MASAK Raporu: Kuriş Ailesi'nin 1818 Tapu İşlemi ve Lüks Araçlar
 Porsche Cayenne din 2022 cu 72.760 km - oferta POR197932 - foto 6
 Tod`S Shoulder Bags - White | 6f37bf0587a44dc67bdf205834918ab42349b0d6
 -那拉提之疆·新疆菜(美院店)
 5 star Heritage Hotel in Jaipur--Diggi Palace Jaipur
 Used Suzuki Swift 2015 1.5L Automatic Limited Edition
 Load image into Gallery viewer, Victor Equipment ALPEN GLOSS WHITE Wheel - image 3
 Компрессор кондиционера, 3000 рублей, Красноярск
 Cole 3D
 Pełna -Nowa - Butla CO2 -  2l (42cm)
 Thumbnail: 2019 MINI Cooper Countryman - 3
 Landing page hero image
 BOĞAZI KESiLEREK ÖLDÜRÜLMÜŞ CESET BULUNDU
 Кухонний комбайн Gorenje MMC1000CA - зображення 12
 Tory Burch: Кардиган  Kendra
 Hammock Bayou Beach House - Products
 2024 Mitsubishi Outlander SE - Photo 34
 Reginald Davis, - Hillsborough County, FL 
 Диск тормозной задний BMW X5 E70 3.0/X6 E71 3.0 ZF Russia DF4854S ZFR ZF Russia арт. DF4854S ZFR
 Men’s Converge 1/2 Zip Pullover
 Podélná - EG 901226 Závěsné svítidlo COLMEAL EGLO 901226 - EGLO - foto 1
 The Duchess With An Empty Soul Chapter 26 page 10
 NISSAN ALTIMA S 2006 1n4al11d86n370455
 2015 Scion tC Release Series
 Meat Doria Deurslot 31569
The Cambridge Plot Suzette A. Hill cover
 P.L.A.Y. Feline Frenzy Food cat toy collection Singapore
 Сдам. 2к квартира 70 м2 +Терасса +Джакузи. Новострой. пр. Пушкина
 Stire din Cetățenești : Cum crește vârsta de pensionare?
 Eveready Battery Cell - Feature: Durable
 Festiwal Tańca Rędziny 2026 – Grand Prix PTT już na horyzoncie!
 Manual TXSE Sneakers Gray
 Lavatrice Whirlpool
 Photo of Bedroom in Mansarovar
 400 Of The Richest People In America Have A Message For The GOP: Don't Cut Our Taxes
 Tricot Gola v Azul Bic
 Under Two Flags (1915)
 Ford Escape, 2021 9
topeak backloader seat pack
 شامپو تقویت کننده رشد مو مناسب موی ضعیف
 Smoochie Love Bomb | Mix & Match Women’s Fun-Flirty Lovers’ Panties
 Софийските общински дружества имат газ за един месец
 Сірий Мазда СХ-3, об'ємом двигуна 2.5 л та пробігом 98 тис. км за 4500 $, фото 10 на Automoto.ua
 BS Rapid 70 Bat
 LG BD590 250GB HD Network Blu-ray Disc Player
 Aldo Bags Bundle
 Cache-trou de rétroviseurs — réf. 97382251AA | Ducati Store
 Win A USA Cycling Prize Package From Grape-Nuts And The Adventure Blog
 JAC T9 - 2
========
WHAT IS EXPECTED
Your answer must be a single number: the count of lines above that hold the word "page".

EXERCISE ANSWER
2